I share this because it represents something core to Tim’s effectiveness, which is a curiosity of mind and heart that keeps him open voices outside his theological tribe. Tim’s humility and curiosity have enriched his preaching and writing and is one of the reasons he has been so effective in a place like NYC. It is also an antidote to the harmful sectarianism and polarization that currently faces the broader church. The rigidity and animus that marks much of Christian dialogue around subjects like politics and race is in part a consequence of pride and a lack of curiosity among Christians who are lost in the woods of their own streams. This is not to say that we at Redeemer or Tim discovered the perfect bread crumbs to lead us to some kind of Eden-like unity and theological creed. But it does open up a deeper understanding of God who is both the word made flesh and the mysterious Spirit who is like a rushing wind (Acts 2) that blows where He pleases (John 3).
The single most critical factor however that contributes to Tim’s ability to speak to our culture with wisdom and authority is his love for and study of scripture. He might be known for his capacity to read cultural tea leaves, break down complicated philosophical and sociological positions and weave them into sermons and books but if you have listened to his sermons over the years it is his fidelity to God’s word and its central message of the good news of Jesus that remains the center of his reflections. In the late 90’s we decided to create “Vision Groups” as a strategy to connect more people to one another through smaller communities. Part of the strategy was linking the sermon text to the weekly written study guides which required Tim to write sermon notes’ to those responsible for creating the guides. Those single spaced, multi-page notes are brilliant and practical commentaries that reveal Tim’s detailed exegesis of each text and remain some of the most valuable resources for my own personal devotions and sermon preparation.
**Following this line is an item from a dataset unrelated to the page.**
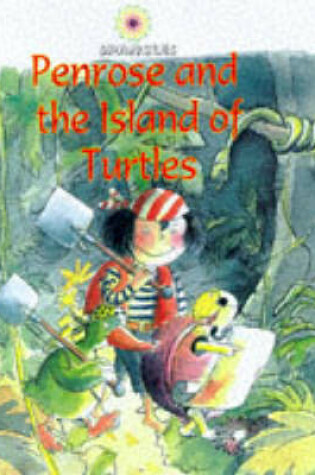 Cover of Penrose and the Island of Turtles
Yes, Tim has consumed thousands of pages of non-biblical material over the years that have informed his writing and preaching. But his reading of, and reflection on, the biblical text and story have always been and continue to be foundational to his contribution to the church. And as he has said that is because in a world of cultural confusion there is no book more important in challenging our ideologies than Scripture. God’s word contains infinite wisdom and insight into the mystery of what it means to be human (anthropology) and our capacity to discern and live out of God’s grace and truth as individuals and as a community (sociology). God’s Spirit uses the words of Scripture to challenge our pride and alleviate our fear. They are the most beautiful and majestic of all the forests into which we can enter, with mountains, streams, valleys, and fjords, much like Tolkien's mythical “Middle Earth” that has been central to Tim and Kathy’s imagination and curiosity. The scriptures are the place when in those seasons where we feel lost in the woods we find something like what Tolkien’s character Samwise Gamgee discovered:
There, peeping among the cloud-wrack above a dark tor high up in the mountains, Sam saw
a white star twinkle for a while. The beauty of it smote his heart, as he looked up out of the
forsaken land, and hope returned to him. For like a shaft, clear and cold, the thought pierced
him that in the end the Shadow was only a small and passing thing: there was light and high
beauty forever beyond its reach 5.
The Third (and only) Point
Anyone who has listened to a Tim Keller sermon knows that ‘the third point’ became shorthand for the inevitable resolution of the narrative tension of his sermons found in the death of Jesus on the cross. This now familiar formula was radically new to me (and I would say many who grew up in evangelical churches) and changed the way I understood the Bible and the gospel. I remember one time my mom, who would visit from time to time, saying that she always felt good about being a Christian when leaving a Redeemer worship service. The subtext of that statement reveals a lot about the experience of most Christians and their understanding of what it means to follow Jesus. There are times of course when the Spirit will impress upon our hearts a weight that disturbs us into repentance, but the more obvious implication of my mom’s statement is that most times the weight of moralism is thrust upon the congregant’s back as they begin another week. “Do good. Be good. Or else”.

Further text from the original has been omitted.